_About this exercise_
Among the lines below, output only those between the line holding "Poly Sync 20" and the line holding "Cosmos Media Agency", inclusive, exactly as written and with no pictures.

_Study material_
════════

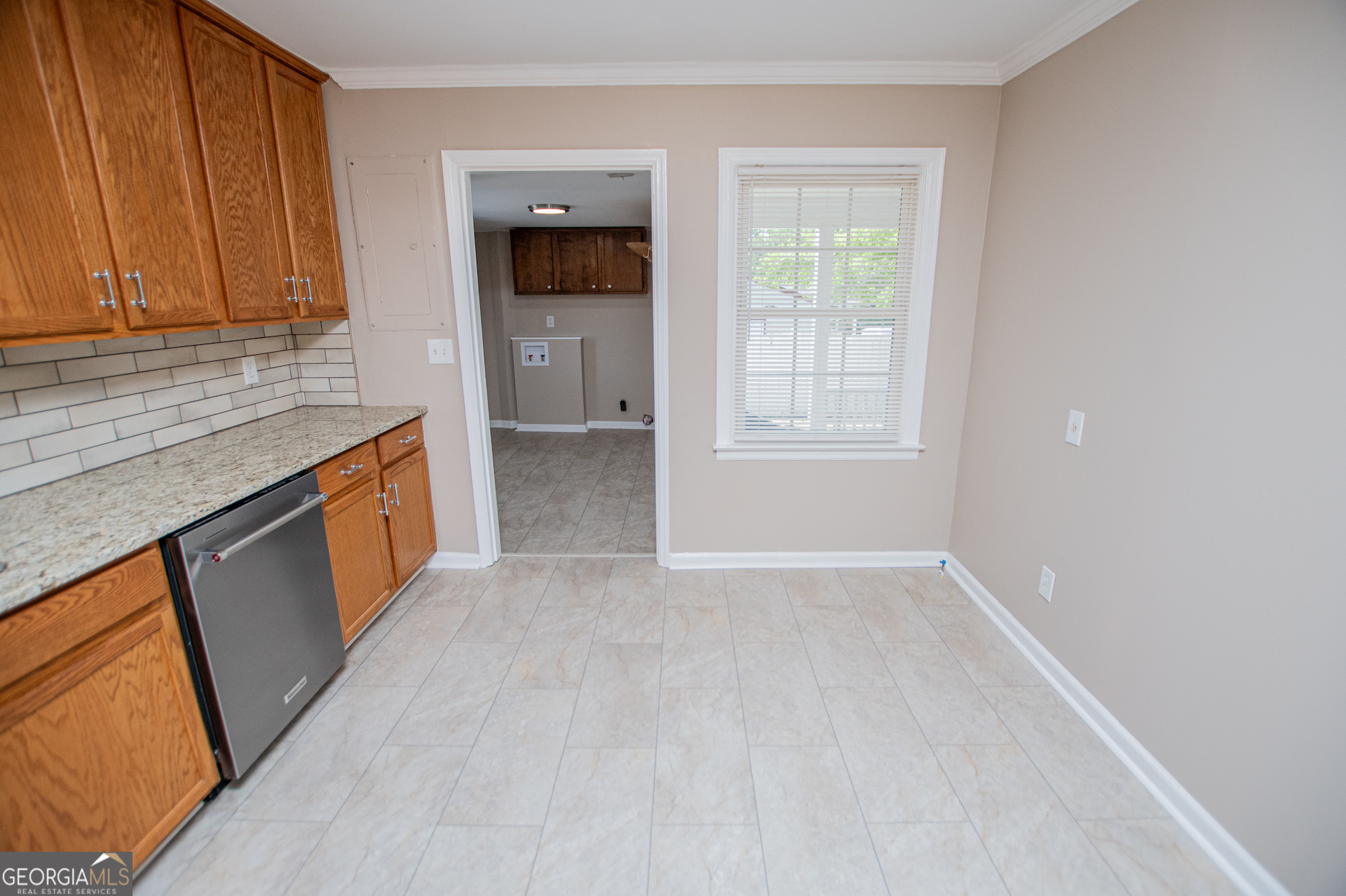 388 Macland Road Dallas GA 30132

════════

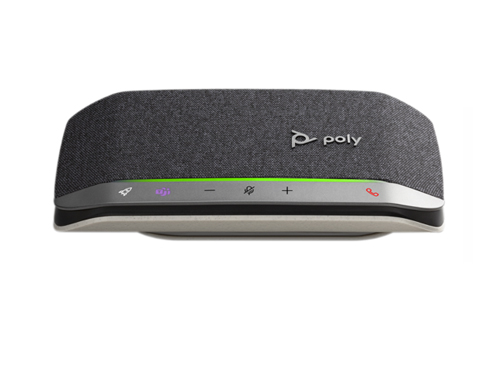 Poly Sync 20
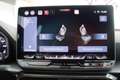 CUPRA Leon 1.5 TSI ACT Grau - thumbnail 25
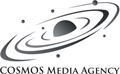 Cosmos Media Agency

════════

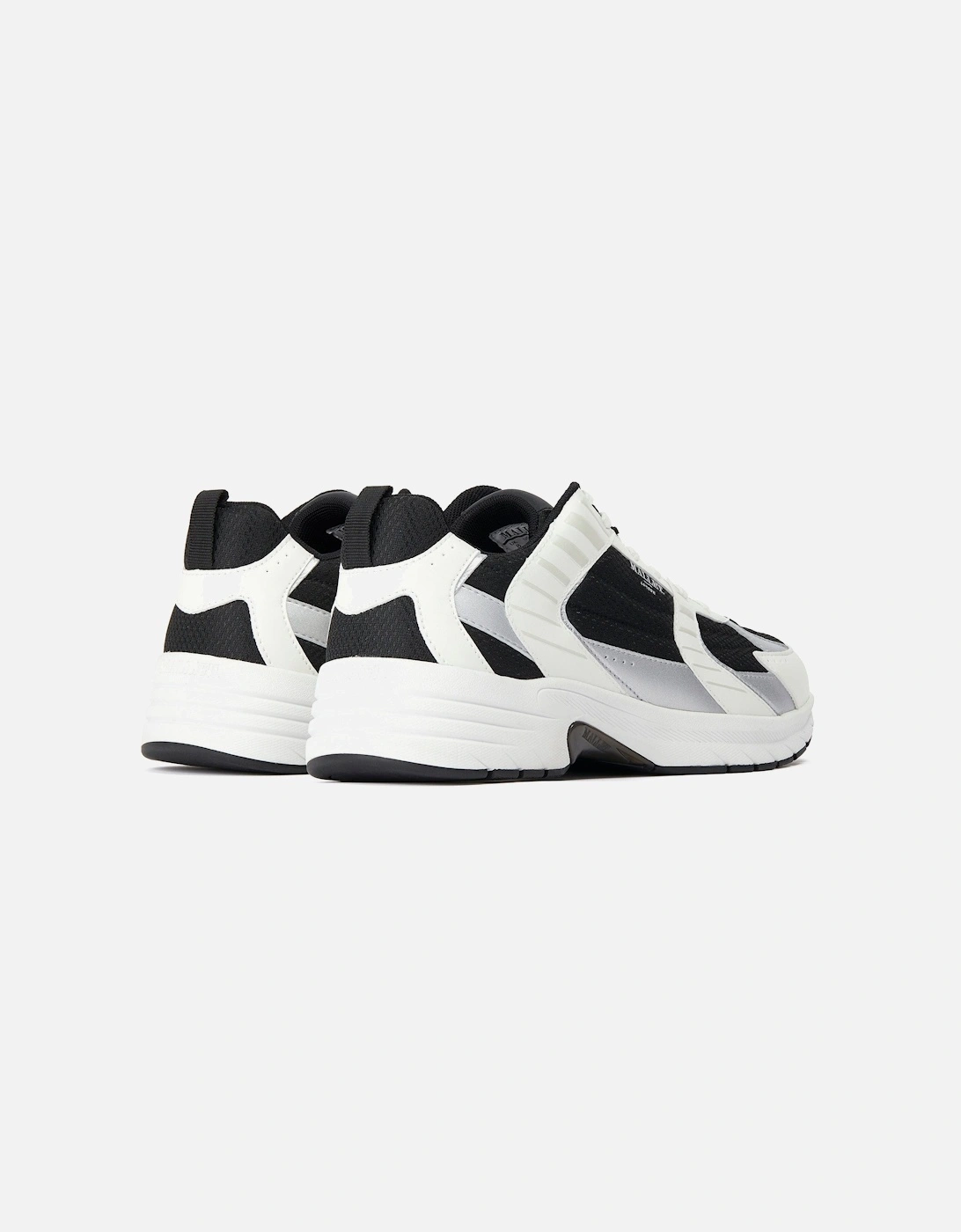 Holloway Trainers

════════

_Your solution_
 Poly Sync 20
 CUPRA Leon 1.5 TSI ACT Grau - thumbnail 25
 Cosmos Media Agency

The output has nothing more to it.